Business Irish

Wednesday 18 October 2017

Fyffes bags €306m revenue with sales of melons thriving

A chef at work at a melon-carving festival in Hami, Xinjiang, China. Fyffes reported higher sales in each of the group's product categories, although melons were the star performer.
A chef at work at a melon-carving festival in Hami, Xinjiang, China. Fyffes reported higher sales in each of the group's product categories, although melons were the star performer.
Colm Kelpie

Colm Kelpie

REVENUE at fruit company Fyffes rose just over 3pc in the first three months of the year compared with the same period in 2013.

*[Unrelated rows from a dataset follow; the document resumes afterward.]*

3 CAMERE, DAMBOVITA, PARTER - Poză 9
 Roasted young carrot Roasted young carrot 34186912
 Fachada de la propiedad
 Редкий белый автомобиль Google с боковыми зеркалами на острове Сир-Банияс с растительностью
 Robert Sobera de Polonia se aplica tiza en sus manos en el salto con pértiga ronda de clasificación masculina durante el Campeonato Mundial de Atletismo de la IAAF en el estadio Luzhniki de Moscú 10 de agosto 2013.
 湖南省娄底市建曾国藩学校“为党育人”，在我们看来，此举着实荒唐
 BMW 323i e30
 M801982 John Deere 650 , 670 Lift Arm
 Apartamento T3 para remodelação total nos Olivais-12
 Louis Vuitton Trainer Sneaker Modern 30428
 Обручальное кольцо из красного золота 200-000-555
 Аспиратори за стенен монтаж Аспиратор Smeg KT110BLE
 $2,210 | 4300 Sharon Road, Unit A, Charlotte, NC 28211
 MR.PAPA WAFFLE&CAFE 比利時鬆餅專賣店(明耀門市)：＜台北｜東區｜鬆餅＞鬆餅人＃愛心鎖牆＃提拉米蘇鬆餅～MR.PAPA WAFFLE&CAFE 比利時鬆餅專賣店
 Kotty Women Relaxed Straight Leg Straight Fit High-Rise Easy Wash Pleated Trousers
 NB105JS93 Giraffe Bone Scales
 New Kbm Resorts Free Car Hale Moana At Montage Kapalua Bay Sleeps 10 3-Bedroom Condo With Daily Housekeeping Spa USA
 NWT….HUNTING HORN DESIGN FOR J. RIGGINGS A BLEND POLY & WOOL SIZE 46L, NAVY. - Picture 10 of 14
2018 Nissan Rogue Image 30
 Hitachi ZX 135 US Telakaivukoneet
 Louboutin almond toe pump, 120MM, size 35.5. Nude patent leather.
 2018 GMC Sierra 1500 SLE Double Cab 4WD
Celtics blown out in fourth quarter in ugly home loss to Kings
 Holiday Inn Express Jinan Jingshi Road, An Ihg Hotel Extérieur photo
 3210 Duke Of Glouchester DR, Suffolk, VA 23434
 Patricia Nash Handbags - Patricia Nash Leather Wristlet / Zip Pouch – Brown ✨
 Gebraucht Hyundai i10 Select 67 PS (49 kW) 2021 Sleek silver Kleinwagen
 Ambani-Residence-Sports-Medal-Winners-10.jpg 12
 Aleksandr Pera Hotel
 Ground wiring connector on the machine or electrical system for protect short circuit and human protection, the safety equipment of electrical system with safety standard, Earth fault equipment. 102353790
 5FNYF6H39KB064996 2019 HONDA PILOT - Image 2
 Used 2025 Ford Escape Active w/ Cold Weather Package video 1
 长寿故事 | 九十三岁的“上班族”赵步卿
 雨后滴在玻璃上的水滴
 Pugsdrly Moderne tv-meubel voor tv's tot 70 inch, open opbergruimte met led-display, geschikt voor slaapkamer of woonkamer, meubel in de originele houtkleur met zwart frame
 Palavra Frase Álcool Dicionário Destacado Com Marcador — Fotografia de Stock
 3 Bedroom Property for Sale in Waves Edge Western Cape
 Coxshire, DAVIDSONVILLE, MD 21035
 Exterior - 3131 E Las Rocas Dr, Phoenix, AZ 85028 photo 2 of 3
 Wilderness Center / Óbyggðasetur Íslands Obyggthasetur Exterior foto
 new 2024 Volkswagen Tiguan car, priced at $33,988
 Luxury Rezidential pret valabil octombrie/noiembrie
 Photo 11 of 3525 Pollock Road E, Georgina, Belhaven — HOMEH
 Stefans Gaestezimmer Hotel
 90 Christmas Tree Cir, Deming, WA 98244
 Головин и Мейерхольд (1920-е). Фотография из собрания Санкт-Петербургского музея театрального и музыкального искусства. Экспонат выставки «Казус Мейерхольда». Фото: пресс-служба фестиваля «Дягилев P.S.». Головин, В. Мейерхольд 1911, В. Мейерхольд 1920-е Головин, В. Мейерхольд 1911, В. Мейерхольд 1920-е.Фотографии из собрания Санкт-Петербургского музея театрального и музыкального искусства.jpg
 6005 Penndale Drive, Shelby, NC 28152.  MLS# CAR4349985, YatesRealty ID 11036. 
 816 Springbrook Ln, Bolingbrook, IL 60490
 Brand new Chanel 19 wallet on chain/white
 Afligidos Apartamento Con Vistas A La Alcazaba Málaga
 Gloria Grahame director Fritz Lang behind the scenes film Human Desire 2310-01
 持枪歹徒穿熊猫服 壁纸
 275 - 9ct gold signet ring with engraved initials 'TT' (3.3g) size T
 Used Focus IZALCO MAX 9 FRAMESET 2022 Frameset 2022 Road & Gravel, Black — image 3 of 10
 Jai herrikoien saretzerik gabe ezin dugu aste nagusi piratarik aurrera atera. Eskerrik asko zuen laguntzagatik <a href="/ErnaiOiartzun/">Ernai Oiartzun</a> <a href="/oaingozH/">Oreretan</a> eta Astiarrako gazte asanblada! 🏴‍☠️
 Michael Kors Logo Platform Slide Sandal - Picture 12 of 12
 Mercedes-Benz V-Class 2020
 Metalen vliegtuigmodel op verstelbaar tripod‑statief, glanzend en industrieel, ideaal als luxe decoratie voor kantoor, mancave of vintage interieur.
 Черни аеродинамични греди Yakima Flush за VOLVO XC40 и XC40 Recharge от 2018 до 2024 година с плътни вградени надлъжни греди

The Irish company, which is in the midst of a $1bn (€728m) merger with Chiquita, announced yesterday that it had taken in €306.5m between January and March – up from the €296.5m recorded in the first quarter of last year.

Sales were higher in each of the group's product categories – with melons one of the star performers – although the overall performance was partly offset by lower average prices in the banana and pineapple categories.

The company said that the key drivers behind the success in its tropical produce operations were average selling prices, exchange rates and the costs of fruit, shipping and fuel.

Fyffes chairman David McCann said the company had delivered strong results in the first quarter of the year.

"Adjusted EBITA was 14.9pc higher at €16m, including a very good performance in the melon category.

"The group is maintaining its full-year target adjusted EBITA range of €30m-€35m."

Profits in the banana business were slightly down, particularly in continental Europe.

Costs were similar year on year as the group continues to integrate the pineapple farm bought in Costa Rica in the first quarter of last year.

As in the banana category, the pineapple result benefited from the positive impact of the weaker US dollar and by further organic volume growth.

Total operating profit for the three months ended 31 March 2014, after exceptional items, amortisation charges and joint ventures tax charges amounted to €9.7m, compared to €13.3m in the first quarter last year.

The merger between Fyffes and Chiquita will create the world's biggest banana distributor and a new company that will generate sales of about $4.6bn per year.

The new company – to be called ChiquitaFyffes – will be listed on the New York Stock Exchange but headquartered here, helping it to keep its tax burden low. It will have a market capitalisation of about $1.1bn when it makes its debut.

The company said yesterday that a review of the merger by anti-trust authorities in various jurisdictions continues.